“I think this wire is from your two girls; is your name Mr. Dalken, from the yacht called the White Crest?” asked the man.

“Yes, yes! what do they say?” exclaimed Mr. Dalken anxiously.

CHAPTER XIV—IN AND ABOUT PANAMA

“Now what do you think of that!” exclaimed Mr. Dalken, after reading the message he had received from the stranded aviators who had landed beyond the last lock of the Canal Zone.

Mrs. Courtney took the message and read it to herself, then murmured: “This is disappointing: I did so want to have the girls on board when we went through the locks.”

“Well,” sighed Mr. Dalken, “we may as well give orders to the Captain to start early in the morning and meet the runaways at Panama—as Polly says in her telegram.”

“If only she had told us where they would stop overnight, we could wire there and tell them to get back here immediately. They should be able to use the railroad, as long as they have been able to get to a telegraph station,” said Mrs. Courtney, a trifle annoyed at such inconsideration on the girls’ part.

“I think we will give them their way this time, and have them miss the gorgeous trip through the Canal. It will serve them good and right!” declared Mr.
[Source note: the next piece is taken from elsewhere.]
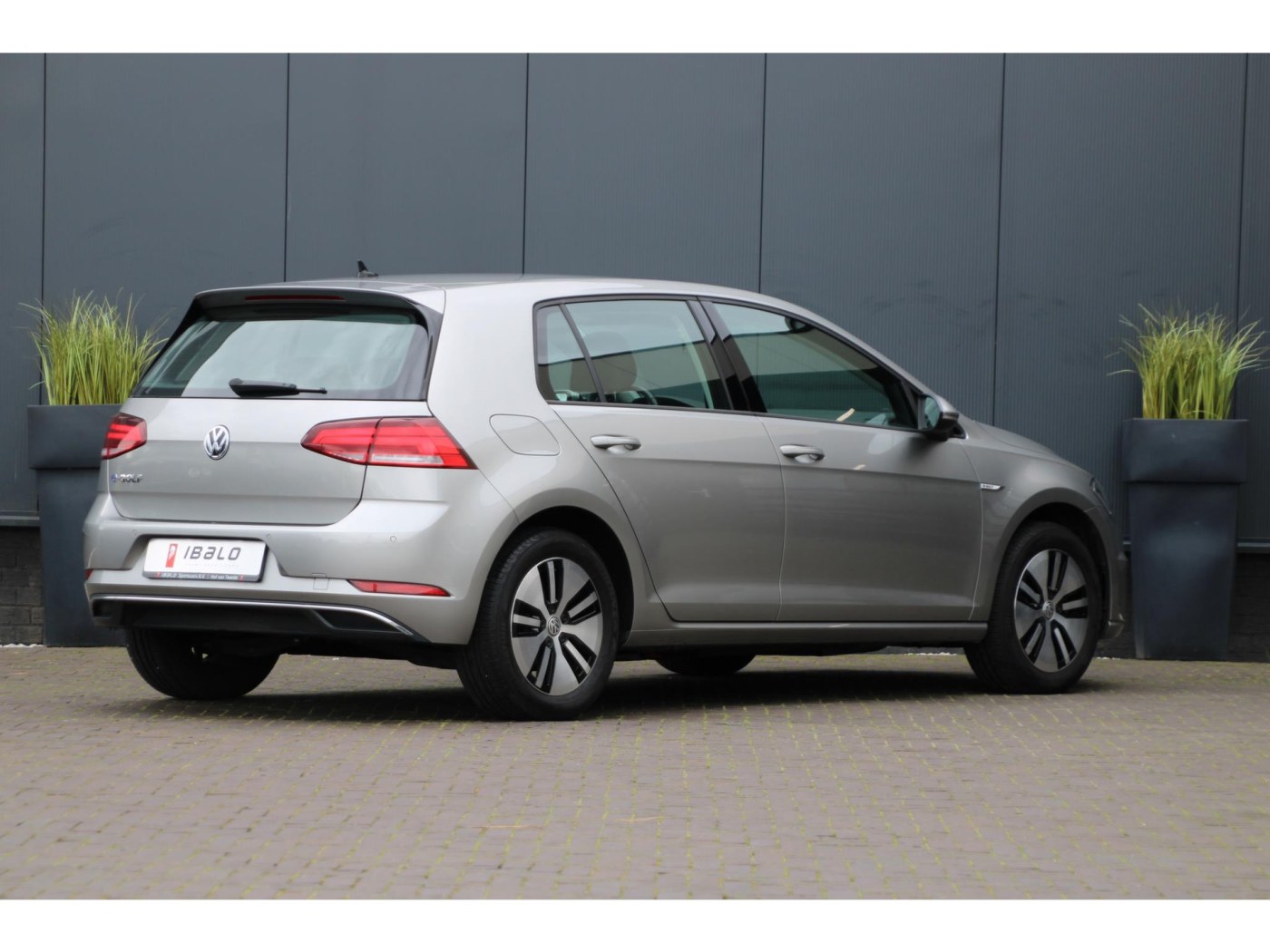 Volkswagen e-Golf E-DITION | BTW-auto | 8% bijtelling | Winterpakket | — foto 2 van 37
Dalken, also impatient at such doings.

But the “girls”—meaning Polly and Eleanor—had no cause for disappointment or impatience. In the first place they did not see how they were to be held accountable for the aeroplane’s engine failing to work just about the time they reached the vast park which borders both sides of Miraflores Lock. In fact, they considered it an act on the part of Providence that the ’plane had such a wonderful stretch of lawn upon which to descend, instead of falling down in Gatun Lake, or upon the rocky hills to be seen everywhere around.
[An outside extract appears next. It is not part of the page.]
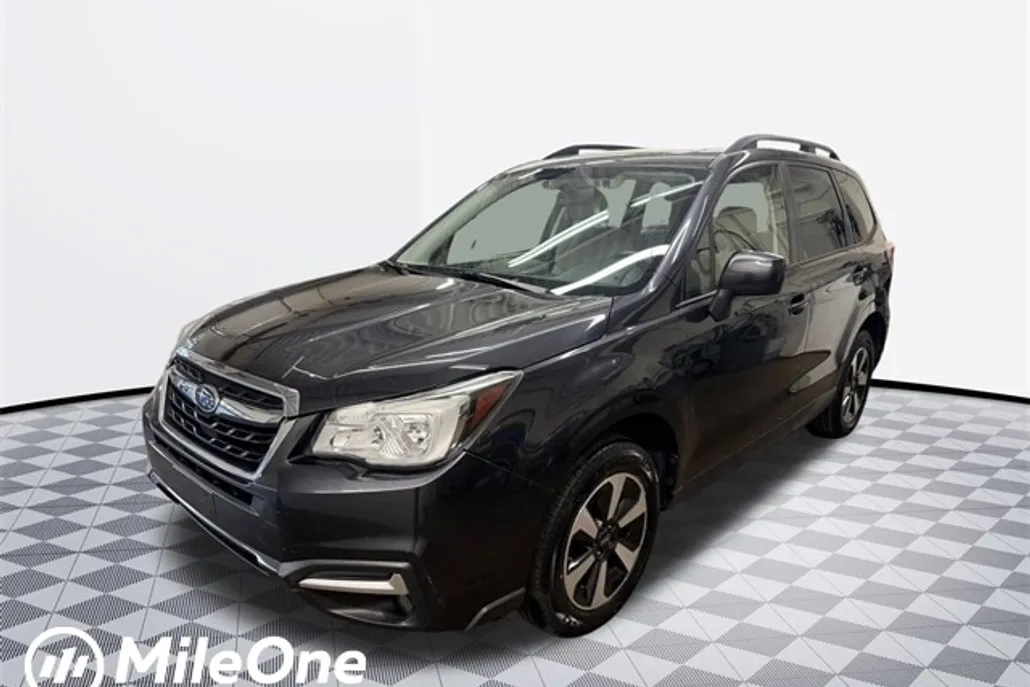 2017 Subaru Forester 2.5i Premium photo 1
Because of an easy conscience, therefore, the two girls enjoyed an unusual dinner at an interesting old Spanish restaurant in Panama; and then accompanied the young aviator,—who had successfully brought his disabled ’plane to the nearby park before mentioned,—to the Tivoli Hotel, where a professional chaperone agreed to look after them in order to satisfy Mrs. Courtney’s concession to social requirements.